_INSTRUCTIONS FOR THE TASK_:
Please report each line of the data below that contains "gold".

Stored data:
========================================
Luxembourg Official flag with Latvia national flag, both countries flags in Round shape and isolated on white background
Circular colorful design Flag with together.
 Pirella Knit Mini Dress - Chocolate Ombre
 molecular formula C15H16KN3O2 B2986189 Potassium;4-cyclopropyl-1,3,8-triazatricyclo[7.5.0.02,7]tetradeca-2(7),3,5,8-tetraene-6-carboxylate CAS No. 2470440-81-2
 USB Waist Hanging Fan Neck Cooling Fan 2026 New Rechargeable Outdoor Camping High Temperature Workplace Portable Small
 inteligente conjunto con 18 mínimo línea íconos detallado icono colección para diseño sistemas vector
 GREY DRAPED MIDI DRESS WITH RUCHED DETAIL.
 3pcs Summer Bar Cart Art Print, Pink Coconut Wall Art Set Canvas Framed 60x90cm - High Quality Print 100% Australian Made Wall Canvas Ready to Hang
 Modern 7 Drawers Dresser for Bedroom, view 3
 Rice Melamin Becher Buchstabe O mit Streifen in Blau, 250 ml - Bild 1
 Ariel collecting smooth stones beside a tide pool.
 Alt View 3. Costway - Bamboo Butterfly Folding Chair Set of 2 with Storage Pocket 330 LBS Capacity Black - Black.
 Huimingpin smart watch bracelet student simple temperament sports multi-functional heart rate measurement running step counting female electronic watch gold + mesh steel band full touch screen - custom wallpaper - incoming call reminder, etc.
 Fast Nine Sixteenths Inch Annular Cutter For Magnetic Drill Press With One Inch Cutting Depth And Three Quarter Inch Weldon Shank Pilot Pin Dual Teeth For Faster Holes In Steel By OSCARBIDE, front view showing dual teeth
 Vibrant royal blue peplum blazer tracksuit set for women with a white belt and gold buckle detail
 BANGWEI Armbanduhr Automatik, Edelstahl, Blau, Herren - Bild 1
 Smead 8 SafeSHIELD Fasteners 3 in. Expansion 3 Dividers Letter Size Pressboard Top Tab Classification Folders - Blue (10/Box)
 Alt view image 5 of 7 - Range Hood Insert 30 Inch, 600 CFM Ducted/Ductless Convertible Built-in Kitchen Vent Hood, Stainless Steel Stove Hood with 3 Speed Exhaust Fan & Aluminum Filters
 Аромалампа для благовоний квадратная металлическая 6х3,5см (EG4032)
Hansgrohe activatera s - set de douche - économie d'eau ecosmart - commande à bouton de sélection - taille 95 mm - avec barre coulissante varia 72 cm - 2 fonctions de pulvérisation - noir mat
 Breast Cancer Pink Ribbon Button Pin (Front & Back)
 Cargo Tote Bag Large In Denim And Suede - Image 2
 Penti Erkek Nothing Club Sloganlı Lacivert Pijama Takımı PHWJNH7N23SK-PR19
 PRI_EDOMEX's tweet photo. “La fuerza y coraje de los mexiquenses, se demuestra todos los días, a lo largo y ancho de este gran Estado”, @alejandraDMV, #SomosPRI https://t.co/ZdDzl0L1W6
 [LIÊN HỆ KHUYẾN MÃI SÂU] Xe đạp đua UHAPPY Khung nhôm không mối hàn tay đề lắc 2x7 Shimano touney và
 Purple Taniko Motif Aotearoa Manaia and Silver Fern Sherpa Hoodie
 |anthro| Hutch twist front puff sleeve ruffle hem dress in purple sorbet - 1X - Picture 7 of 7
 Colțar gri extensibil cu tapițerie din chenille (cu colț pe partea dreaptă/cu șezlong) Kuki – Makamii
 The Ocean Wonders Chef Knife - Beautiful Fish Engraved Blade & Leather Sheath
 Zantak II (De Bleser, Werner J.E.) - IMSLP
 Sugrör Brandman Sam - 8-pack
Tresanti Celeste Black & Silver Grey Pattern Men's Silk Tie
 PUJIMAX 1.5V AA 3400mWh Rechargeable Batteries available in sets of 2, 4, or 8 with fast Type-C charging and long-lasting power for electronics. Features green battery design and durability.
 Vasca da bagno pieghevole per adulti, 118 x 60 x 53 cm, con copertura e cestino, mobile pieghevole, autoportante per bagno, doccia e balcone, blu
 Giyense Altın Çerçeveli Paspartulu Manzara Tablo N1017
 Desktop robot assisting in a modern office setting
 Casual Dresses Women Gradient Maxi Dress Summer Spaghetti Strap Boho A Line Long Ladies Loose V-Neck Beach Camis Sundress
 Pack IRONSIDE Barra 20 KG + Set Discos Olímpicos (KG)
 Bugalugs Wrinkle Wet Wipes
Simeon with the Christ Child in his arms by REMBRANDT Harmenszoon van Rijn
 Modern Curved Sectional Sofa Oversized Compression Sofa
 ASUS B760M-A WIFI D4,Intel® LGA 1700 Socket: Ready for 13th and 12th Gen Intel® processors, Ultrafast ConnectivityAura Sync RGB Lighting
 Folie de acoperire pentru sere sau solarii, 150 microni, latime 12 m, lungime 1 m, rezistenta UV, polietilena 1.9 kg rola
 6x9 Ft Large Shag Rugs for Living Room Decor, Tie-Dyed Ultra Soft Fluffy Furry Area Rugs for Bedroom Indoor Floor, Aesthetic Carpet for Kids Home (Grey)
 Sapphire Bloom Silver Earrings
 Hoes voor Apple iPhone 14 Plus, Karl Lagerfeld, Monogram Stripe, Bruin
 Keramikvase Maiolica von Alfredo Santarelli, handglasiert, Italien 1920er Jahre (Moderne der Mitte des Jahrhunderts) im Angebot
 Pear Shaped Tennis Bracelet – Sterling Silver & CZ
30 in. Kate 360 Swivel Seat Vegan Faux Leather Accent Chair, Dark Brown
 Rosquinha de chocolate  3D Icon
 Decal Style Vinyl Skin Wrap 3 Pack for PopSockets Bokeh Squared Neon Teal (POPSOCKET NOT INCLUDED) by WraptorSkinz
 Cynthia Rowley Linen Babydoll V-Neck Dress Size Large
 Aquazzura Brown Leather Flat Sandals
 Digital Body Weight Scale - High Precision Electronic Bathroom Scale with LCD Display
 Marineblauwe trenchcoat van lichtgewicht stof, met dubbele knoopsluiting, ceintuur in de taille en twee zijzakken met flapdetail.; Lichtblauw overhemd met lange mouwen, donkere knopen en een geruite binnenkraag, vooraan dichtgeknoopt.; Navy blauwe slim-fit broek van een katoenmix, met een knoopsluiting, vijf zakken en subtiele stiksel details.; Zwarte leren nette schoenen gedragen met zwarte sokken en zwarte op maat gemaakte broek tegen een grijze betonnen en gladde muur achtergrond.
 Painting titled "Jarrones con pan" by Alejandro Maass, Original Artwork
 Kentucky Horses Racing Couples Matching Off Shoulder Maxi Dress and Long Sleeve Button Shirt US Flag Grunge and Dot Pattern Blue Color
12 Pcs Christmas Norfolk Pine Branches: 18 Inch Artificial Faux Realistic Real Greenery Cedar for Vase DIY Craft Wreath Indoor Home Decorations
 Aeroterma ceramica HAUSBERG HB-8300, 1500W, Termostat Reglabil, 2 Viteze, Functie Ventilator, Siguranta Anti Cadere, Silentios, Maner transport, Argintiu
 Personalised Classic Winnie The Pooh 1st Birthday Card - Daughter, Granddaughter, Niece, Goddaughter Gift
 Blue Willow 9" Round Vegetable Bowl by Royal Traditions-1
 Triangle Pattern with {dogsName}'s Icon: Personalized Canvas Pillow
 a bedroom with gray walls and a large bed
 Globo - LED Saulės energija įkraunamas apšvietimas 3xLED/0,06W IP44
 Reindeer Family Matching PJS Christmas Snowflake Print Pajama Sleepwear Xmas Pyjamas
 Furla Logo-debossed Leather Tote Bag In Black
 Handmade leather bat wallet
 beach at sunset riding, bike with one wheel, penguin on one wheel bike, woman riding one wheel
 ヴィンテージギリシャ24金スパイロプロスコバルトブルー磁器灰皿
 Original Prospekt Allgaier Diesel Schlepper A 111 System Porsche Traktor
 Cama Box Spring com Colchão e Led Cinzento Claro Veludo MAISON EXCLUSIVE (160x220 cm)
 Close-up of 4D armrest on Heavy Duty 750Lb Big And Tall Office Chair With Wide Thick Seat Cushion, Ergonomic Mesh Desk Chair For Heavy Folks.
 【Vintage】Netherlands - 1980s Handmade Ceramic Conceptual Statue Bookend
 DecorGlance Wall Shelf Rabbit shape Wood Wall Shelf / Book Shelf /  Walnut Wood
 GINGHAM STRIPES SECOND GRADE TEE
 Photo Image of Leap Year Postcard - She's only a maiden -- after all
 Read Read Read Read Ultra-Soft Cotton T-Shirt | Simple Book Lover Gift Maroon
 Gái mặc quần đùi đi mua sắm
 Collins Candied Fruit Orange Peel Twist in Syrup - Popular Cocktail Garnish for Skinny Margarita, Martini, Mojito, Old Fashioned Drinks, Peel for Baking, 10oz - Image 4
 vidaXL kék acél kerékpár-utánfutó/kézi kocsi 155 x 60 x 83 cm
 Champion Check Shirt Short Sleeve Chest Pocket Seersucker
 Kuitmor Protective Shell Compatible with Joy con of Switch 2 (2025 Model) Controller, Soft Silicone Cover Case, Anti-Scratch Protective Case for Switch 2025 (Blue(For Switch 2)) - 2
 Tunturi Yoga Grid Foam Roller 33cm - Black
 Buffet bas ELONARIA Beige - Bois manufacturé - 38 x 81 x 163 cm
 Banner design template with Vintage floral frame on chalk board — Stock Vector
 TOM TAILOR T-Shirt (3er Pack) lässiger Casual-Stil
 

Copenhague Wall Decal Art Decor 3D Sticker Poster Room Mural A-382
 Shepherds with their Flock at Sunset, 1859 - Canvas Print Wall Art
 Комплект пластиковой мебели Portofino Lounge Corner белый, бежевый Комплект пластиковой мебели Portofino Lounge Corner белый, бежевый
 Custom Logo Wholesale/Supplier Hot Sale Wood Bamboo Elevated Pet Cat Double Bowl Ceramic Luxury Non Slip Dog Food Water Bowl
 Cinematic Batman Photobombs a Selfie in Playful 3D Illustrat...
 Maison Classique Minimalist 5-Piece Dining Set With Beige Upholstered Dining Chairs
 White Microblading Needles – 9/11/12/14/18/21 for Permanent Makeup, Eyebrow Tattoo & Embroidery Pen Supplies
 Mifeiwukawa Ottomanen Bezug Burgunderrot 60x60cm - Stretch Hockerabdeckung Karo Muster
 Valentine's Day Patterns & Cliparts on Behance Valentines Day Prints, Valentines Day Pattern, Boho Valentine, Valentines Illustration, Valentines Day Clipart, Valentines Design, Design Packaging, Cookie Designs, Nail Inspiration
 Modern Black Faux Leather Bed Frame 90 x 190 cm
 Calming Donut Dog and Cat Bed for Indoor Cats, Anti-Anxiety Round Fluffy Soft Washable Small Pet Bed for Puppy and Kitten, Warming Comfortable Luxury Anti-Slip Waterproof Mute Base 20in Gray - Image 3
========================================
_OUTPUT FOR THIS EXERCISE_:
 Huimingpin smart watch bracelet student simple temperament sports multi-functional heart rate measurement running step counting female electronic watch gold + mesh steel band full touch screen - custom wallpaper - incoming call reminder, etc.
 Vibrant royal blue peplum blazer tracksuit set for women with a white belt and gold buckle detail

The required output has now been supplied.